Saturday, March 07, 2015

Biografi D.N Aidit

D.N. Aidit

Dipa Nusantara Aidit yang lebih dikenal dengan D.N. Aidit lahir di Tanjung Pandan, Belitung, 30 Juli 1923. Ketika lahir, orangtuanya memberi nama: Achmad Aidit, dan oleh teman-temannya ia lebih akrab dipanggil "Amat".  Ayahnya bernama Abdullah Aidit, seorang mantri kehutanan. Kala itu, jabatan mantri cukup bergengsi di kalangan pribumi, dan ibunya bernama Mailan. Kedua orangtuanya berasal dari keluarga terpandang: ayah Aidit, anak Haji Ismail, seorang pengusaha ikan yang makmur, sedangkan ibunya  anak dari Ki Agus Haji Abdul Rachman, seorang tuan tanah kaya.
Mungkin tidak banyak yang tahu bahwa tokoh PKI ini berasal dari keluarga muslim yang taat.
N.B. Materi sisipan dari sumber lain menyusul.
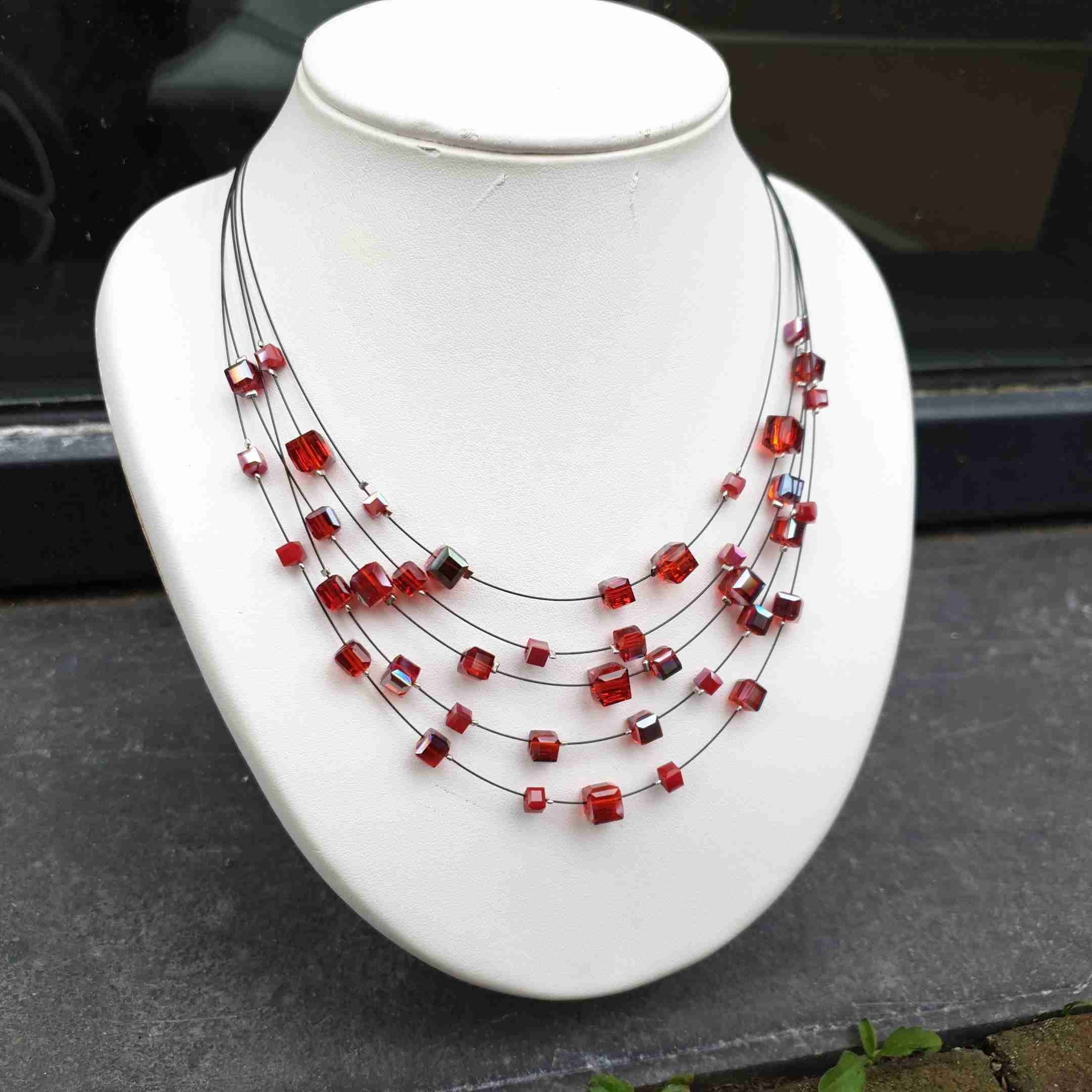 Mooie ketting van staaldraad met kleine blokjes in rood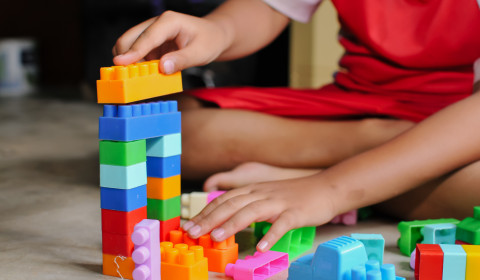 The picture shows a child playing with colourful building blocks.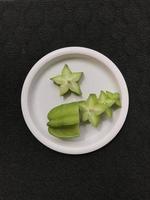 grön stjärna frukt skivor på en rosa plast tallrik foto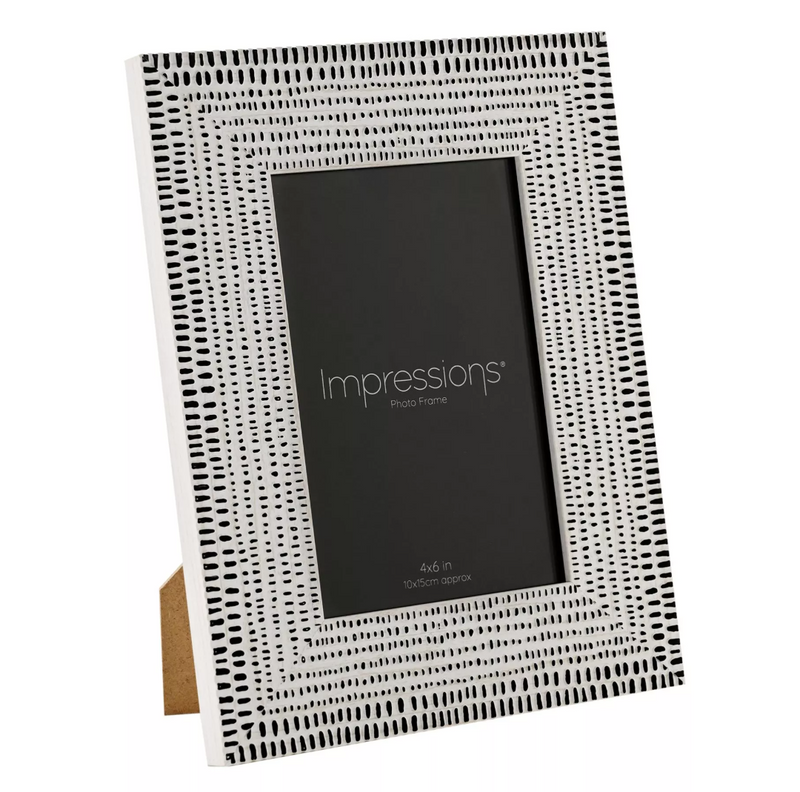 Black and white patterned photo frame with 'Impressions' branding on a white background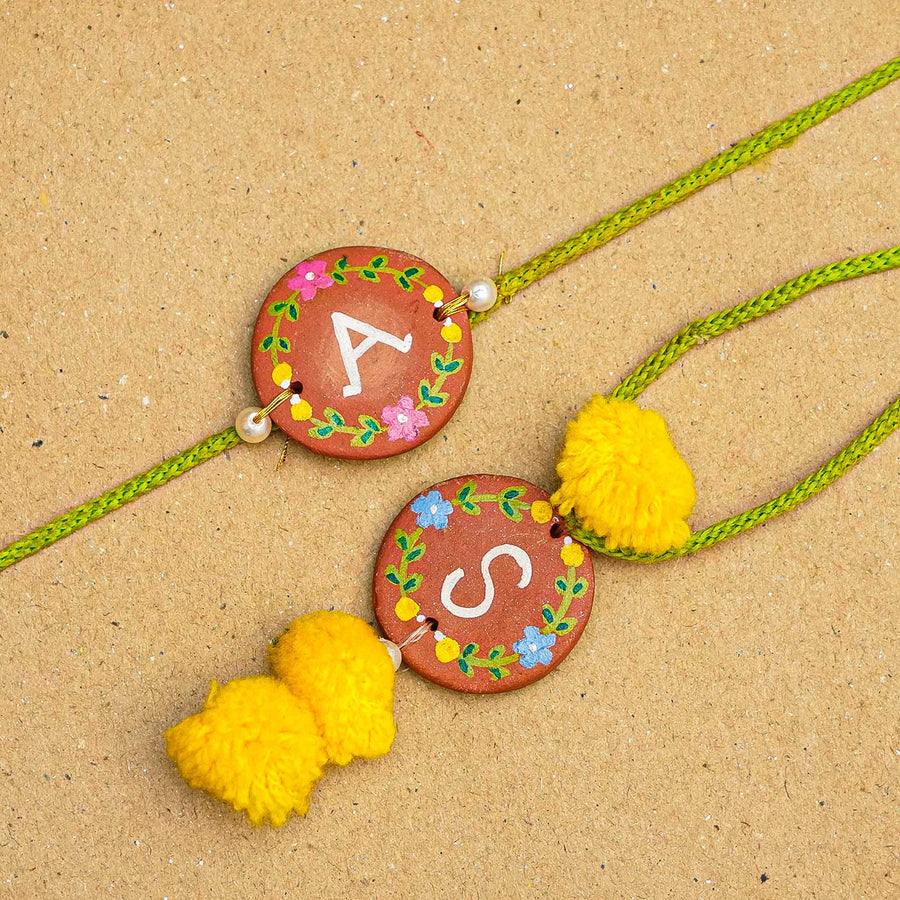 Personalised Handcrafted Bhaiya Bhabhi Initial Terracotta Rakhi With Roli Chawal - Close-up of two rakhis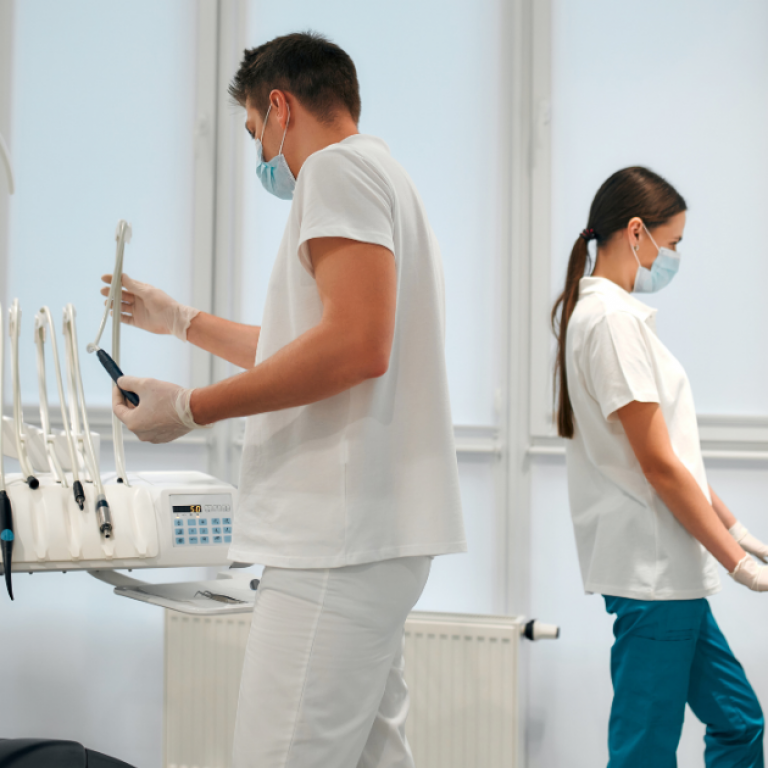 Two dental professionals in a dental office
Abdullah Aidit, dulu ikut serta memimpin gerakan pemuda di Belitung dalam melawan kekuasaan kolonial Belanda, dan setelah merdeka sempat menjadi anggota DPR (sementara) mewakili rakyat Belitung. Abdullah juga adalah tokoh pendidikan Islam di Belitung, pendiri kelompok keagamaan Nurul Islam. Tak heran, masa kecil Aidit banyak diisi dengan kegiatan keagamaan, dan saat itu ia dikenal sebagai anak yang taat beribadah. Sepulang sekolah, Aidit dan adik-adiknya menghabiskan separuh waktu untuk belajar mengaji. Bahkan Aidit terkenal sebagai tukang Adzan di daerahnya Belantu karena suaranya yang paling keras. Aidit termasuk anak yang beruntung bisa mendapatkan pendidikan Belanda Holandsch Inlandsche School (HIS).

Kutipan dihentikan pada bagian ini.